(Cop. duma carta para Pretoria)
L. do D.
"Eu tenho passado bem de saúde e o espirito tem estado curiosamente menos mal-disposto. Ainda assim uma vaga inquietação anda a torturar-me, uma cousa a que eu não posso chamar senão uma comichão intellectual, como se eu fosse ter bexigas na alma. É só nesta linguagem absurda que eu lhe posso descrever o que sinto. Tudo isto, porém, não se aparenta propriamente com aquelles estados tristes de espirito, de que às vezes lhe fallo, e em que a tristeza é caracterisadamente uma tristeza sem causa. Este meu estado de alma actual tem uma causa. Em torno a mim está-se tudo afastando e desmoronando. Não emprego estes dois verbos no sentido entristecedor. Quero apenas dizer que na gente com quem lido se estão dando, ou se vão dar, mudanças, acabares de periodos de vida, e que tudo isto — como a um velho que vê morrerem em seu redór os seus companheiros de infancia, a sua morte parece proxima — me suggere não sei de que mysteriosa maneira, que a minha deve, vae, mudar também. Repare que eu não creio que esta mudança vá ser para peor; creio o contrario. Mas é uma mudança, e para mim mudar, passar de uma cousa para ser outra, é uma morte parcial; morre qualquér cousa de nós, e a tristeza do que morre e do que passa não pode deixar de nos roçar pela alma.
Veja: Amanhã vae para — não a, mas para — Paris o meu maior e mais intimo amigo. A tia Annica (veja a carta della) não é improvável que vá breve para a Suissa com a filha, casada então. Vae para a Galliza, para lá estar bastante tempo, um outro rapaz muito meu amigo. Passa a viver no Porto um outro rapaz que é, depois do primeiro que lhe citei, o meu amigo mais proximo. Assim, em meu redor humano, tudo se organiza (ou se desorganiza) de modo a ir-me, não sei se isolando, não sei se chamando para um novo caminho que não vejo. Mesmo a circunstância de eu ir publicar um livro vem alterar a minha vida. Perco uma cousa — o ser inedito. E assim mudar para melhor, porque mudar é mau, é sempre mudar para peor. E perder um defeito, ou uma deficiencia, ou uma negação, sempre é perder. Imagine a Mamã como não viverá, de dolorosas sensações quotidianas, uma creatura que sente desta maneira!

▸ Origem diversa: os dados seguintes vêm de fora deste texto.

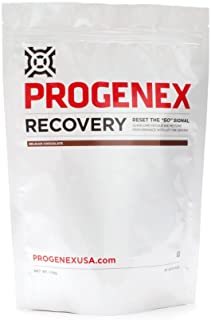 PROGENEX® Recovery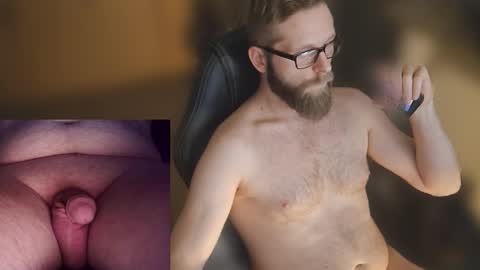 Snapshot of durin_ chatting on 01.11.26 Durin online show from 01.11.26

Que serei eu daqui a dez annos — de aqui a cinco annos, mesmo? Os meus amigos dizem-me que eu serei um dos maiores poetas contemporaneos — dizem-o vendo o que eu tenho já feito, não o que poderei fazer (se não eu não citava o que elles dizem...) Mas sei eu ao certo o que isso, mesmo que se realize, significa? Sei eu a que isso sabe? Talvez a gloria saiba a morte e a inutilidade, e o triunfo cheire a podridão."